*** WORKING DATA Section Begins ***

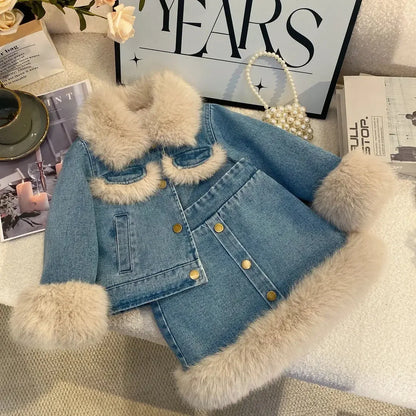Children's Sets Girls' Fleece-Lined Denim Set Korean Winter Jacket & Skirt 2-Piece Thickened Outfit for Toddlers.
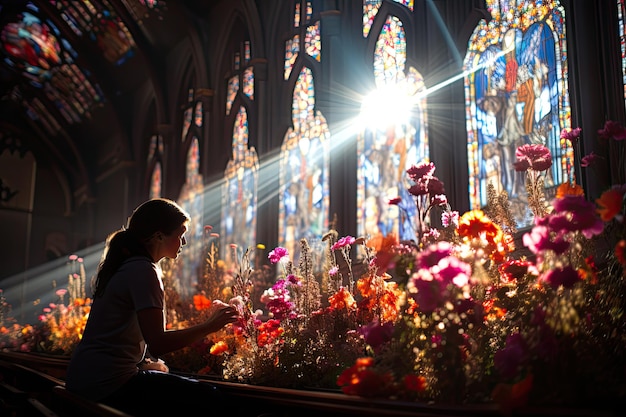 Escena de adoración en iglesia con coro y pastor generativo IA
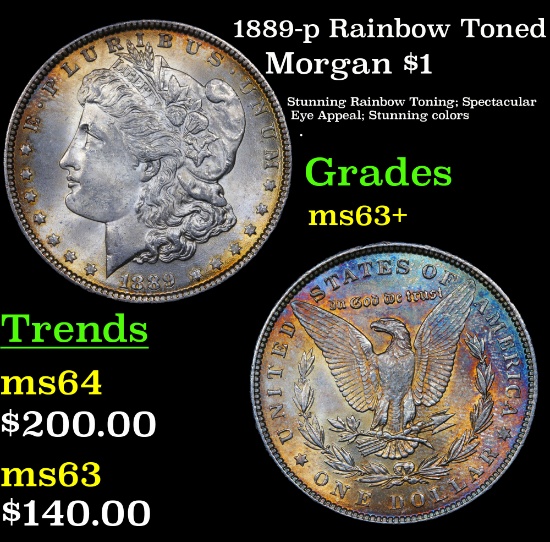 1889-p Rainbow Toned Morgan Dollar $1 Grades Select+ Unc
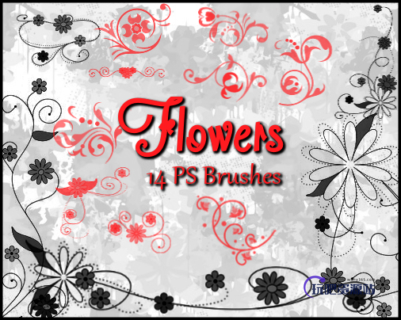 14种漂亮的手绘植物艺术印花图案笔刷下载-玩吧资源站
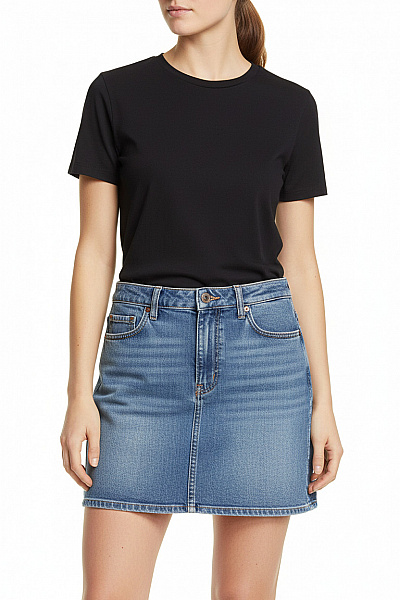 Weekday Dámská Bavlněná Modrá Džínové Mini Sukně S Kapsami Rovná Vel. 42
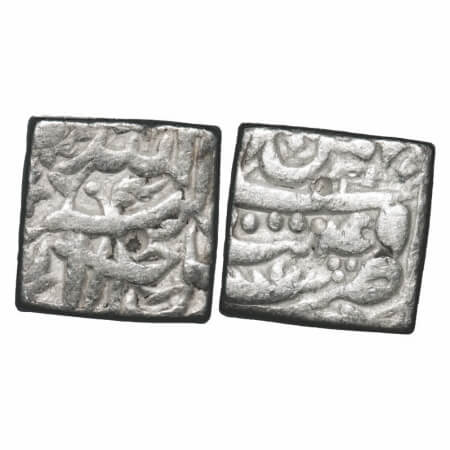 Akbar, Silver Square Rupee, 11.21g, Tatta Mint, Ilahi month 'Bahman'/ Year 45, Obv: Allah 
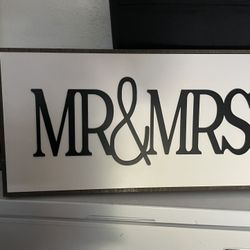 Mr. And Mrs. Canvas Sign 
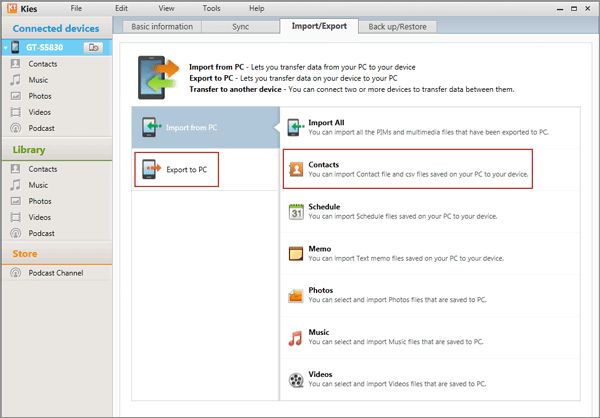 export contacts from samsung to pc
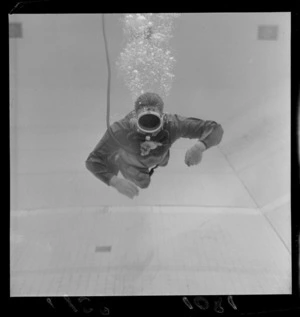 A diver from the Hutt Valley Drainage Board at Naenae Pool, Lower Hutt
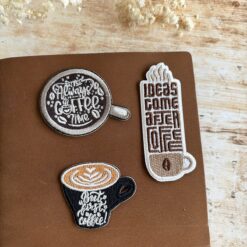 Miso Paper Coffee Embroidery Patches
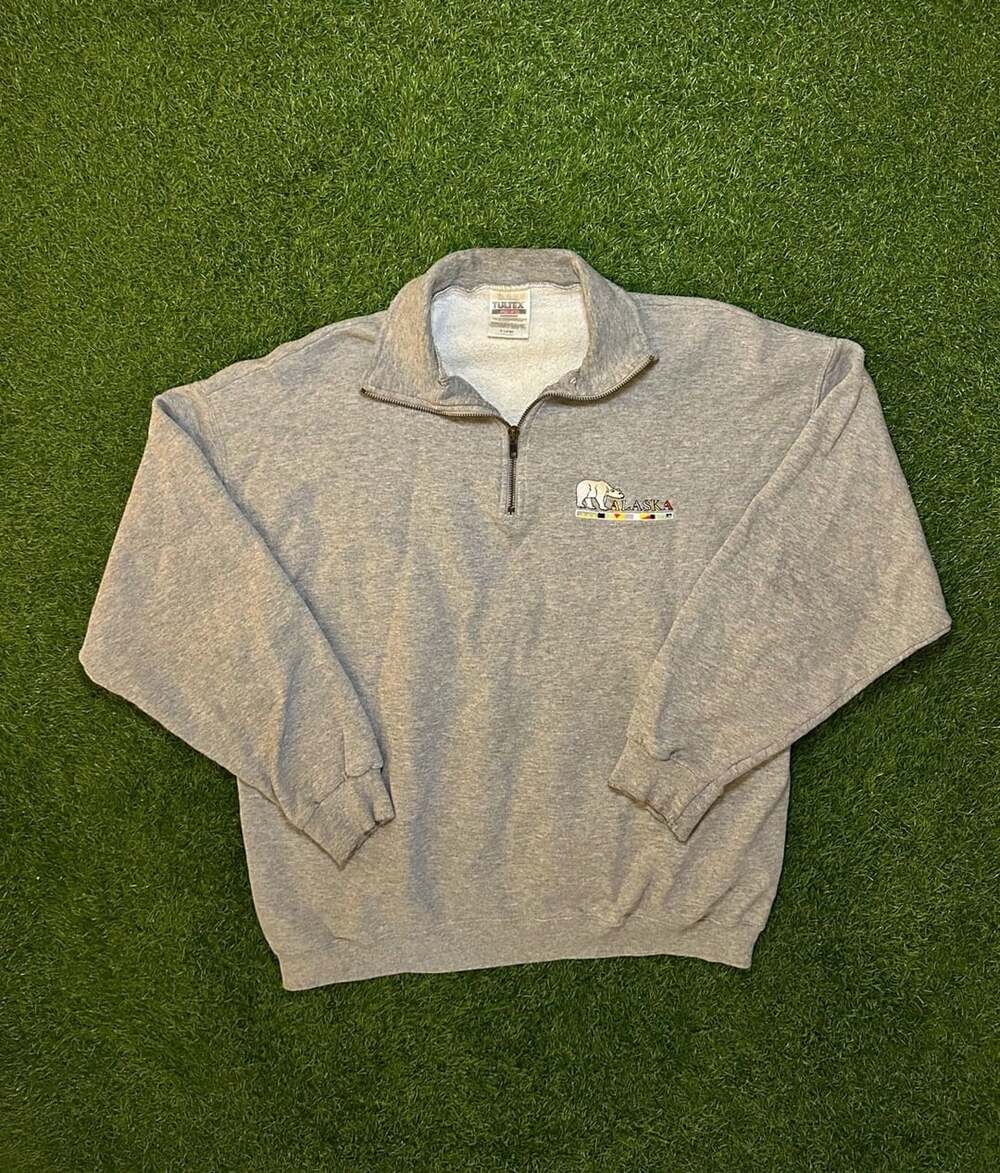 Vintage 1990s Tultex Alaska Polar Bear Quarter Zip Sweatshirt Size XL Gray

*** WORKING DATA Section Ends ***

AIM OF THE TASK:
Each line from the line containing "export contacts from samsung to pc" through the final line of the data above must be retyped exactly; nothing else, and no pictures, may appear.

WORKED SOLUTION:
 export contacts from samsung to pc
 A diver from the Hutt Valley Drainage Board at Naenae Pool, Lower Hutt
 Miso Paper Coffee Embroidery Patches
 Vintage 1990s Tultex Alaska Polar Bear Quarter Zip Sweatshirt Size XL Gray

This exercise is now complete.